Data for the task START

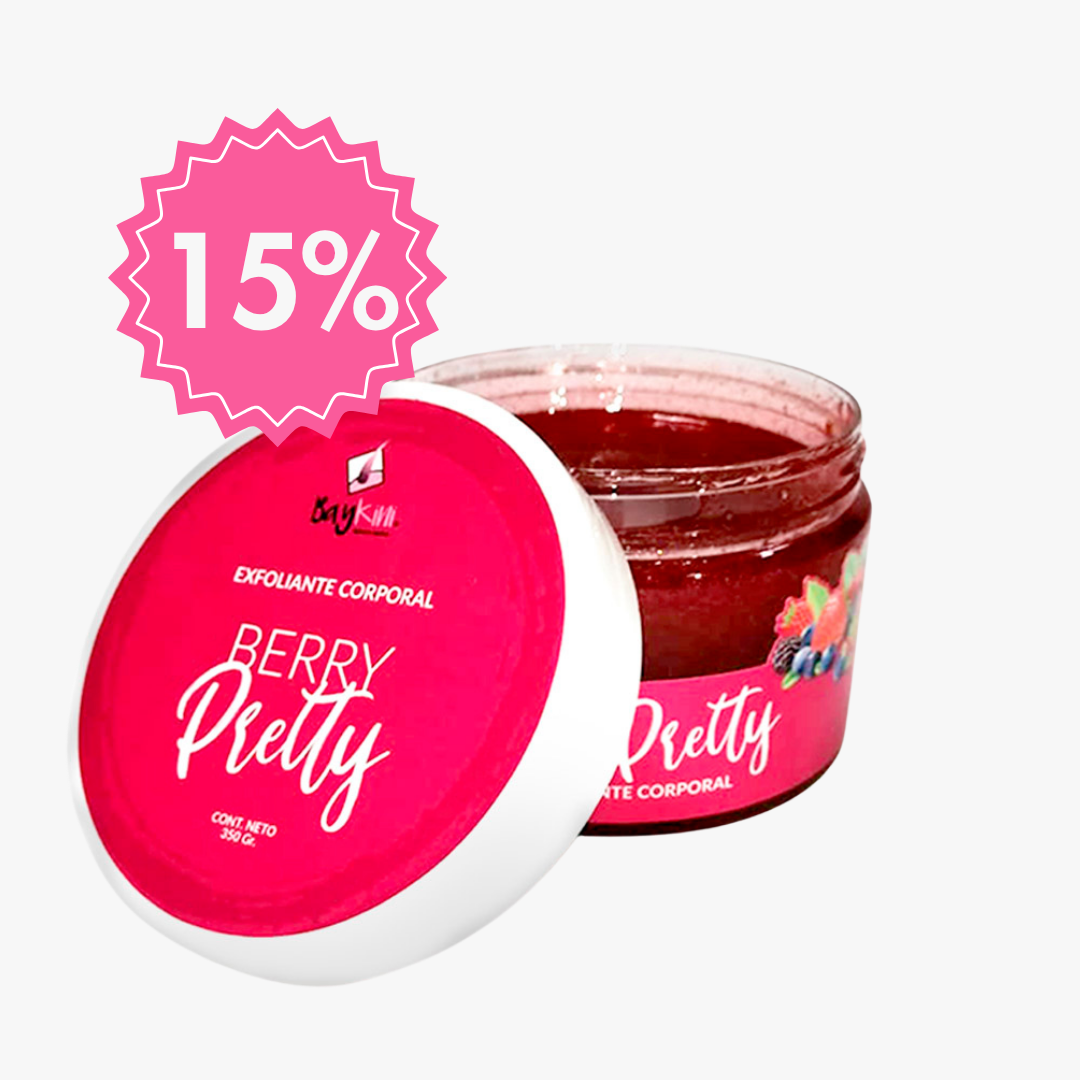 ¡Exfoliante frutos rojos “Berry Pretty” olor increíble para consentir tu piel!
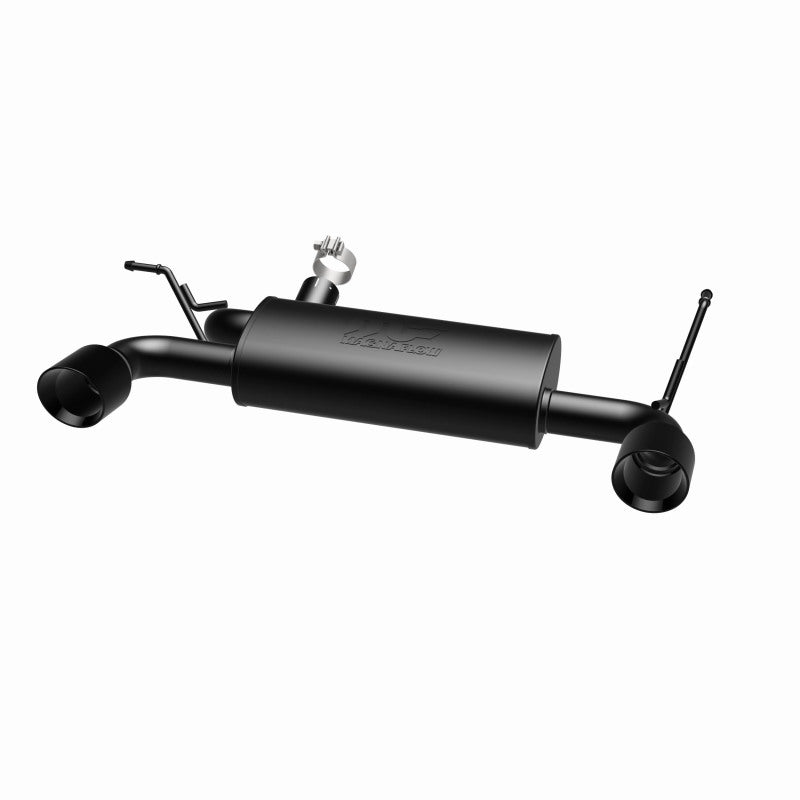 MagnaFlow 07-17 Jeep Wrangler JK 3.8/3.6L Dual Split Rear Exit Black Axle-Back Exhaust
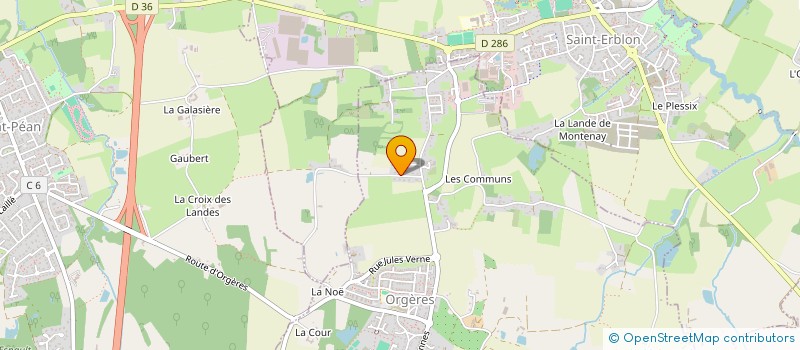 localisation de l'entreprise SCI COYAC 2 à ORGERES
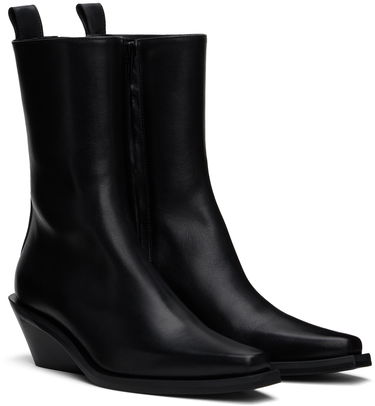 Pокля Ann Demeulemeester Ann Demeulemeester Vesper Leather Boots Черно | 2402-W-A04-LT141-099, 3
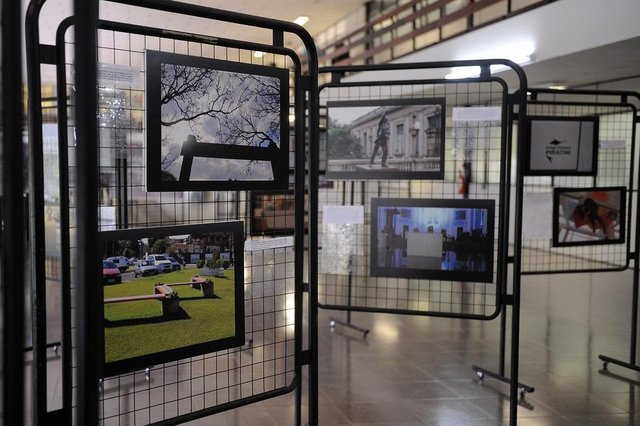 CAXIAS DO SUL, RS, BRASIL, 18/03/2019 - João Vicente tem Síndrome de Down e encontrou na fotografia uma forma de se expressar. Ele está expondo suas fotos no mezanino da Prefeitura de Caxias do Sul. a exposição de chama Formas & Cor. (Marcelo Casagrande/Agência RBS) CAXIAS DO SUL, RS, BRASIL, 18/03/2019 - João Vicente tem Síndrome de Down e encontrou na fotografia uma forma de se expressar. Ele está expondo suas fotos no mezanino da Prefeitura de Caxias do Sul. a exposição de chama Formas & Cor. (Marcelo Casagrande/Agência RBS)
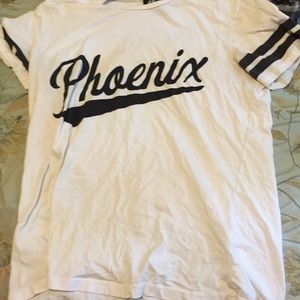 'Phoenix' white and black tee
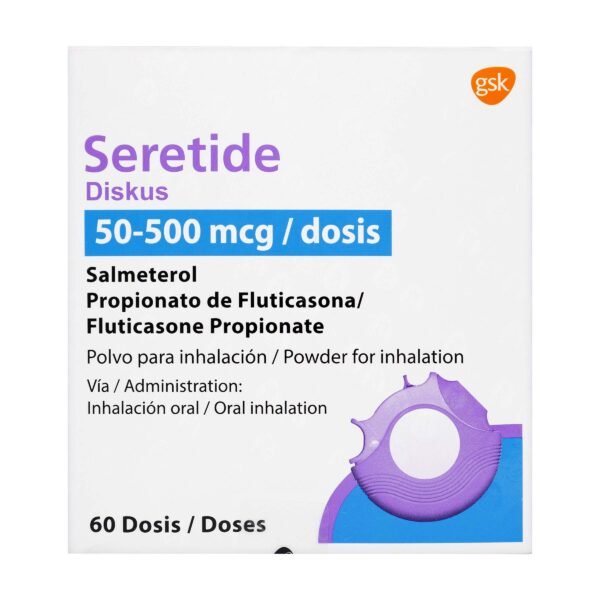 SERETIDE D50/500M – 60 DOSIS UNIDAD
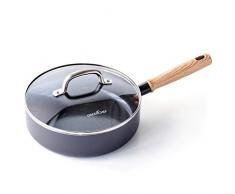 GreenChef CC001970-001 Vintage Sauteuse 3.1 liters, noir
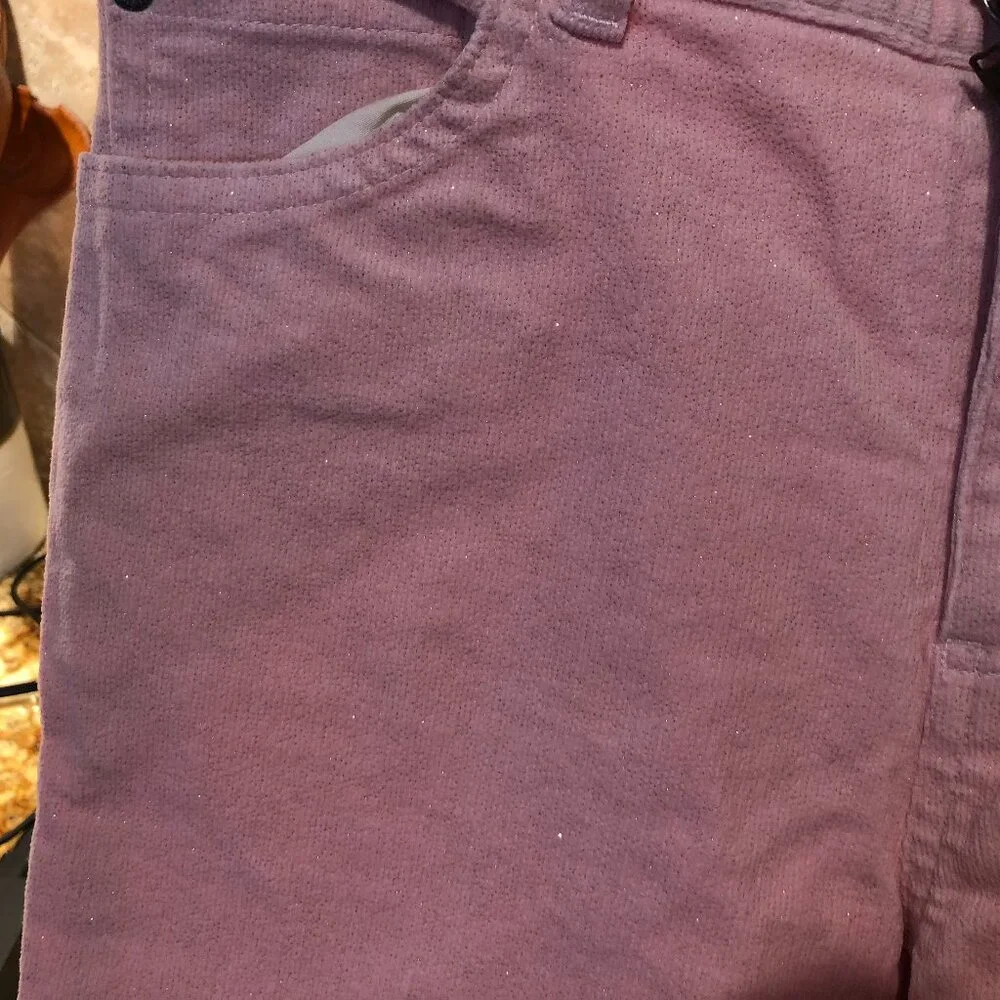 Old Navy Girl's Corduroy Pants Pink Sparkle 14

Data for the task END

* [Work to be completed] The lines to set down run from the line with "localisation de l'entreprise" up to and including the line with "Pокля Ann Demeulemeester" in the entries above. Reproduce them exactly, with no pictures.

* [Response to the exercise]
 localisation de l'entreprise SCI COYAC 2 à ORGERES
 Pокля Ann Demeulemeester Ann Demeulemeester Vesper Leather Boots Черно | 2402-W-A04-LT141-099, 3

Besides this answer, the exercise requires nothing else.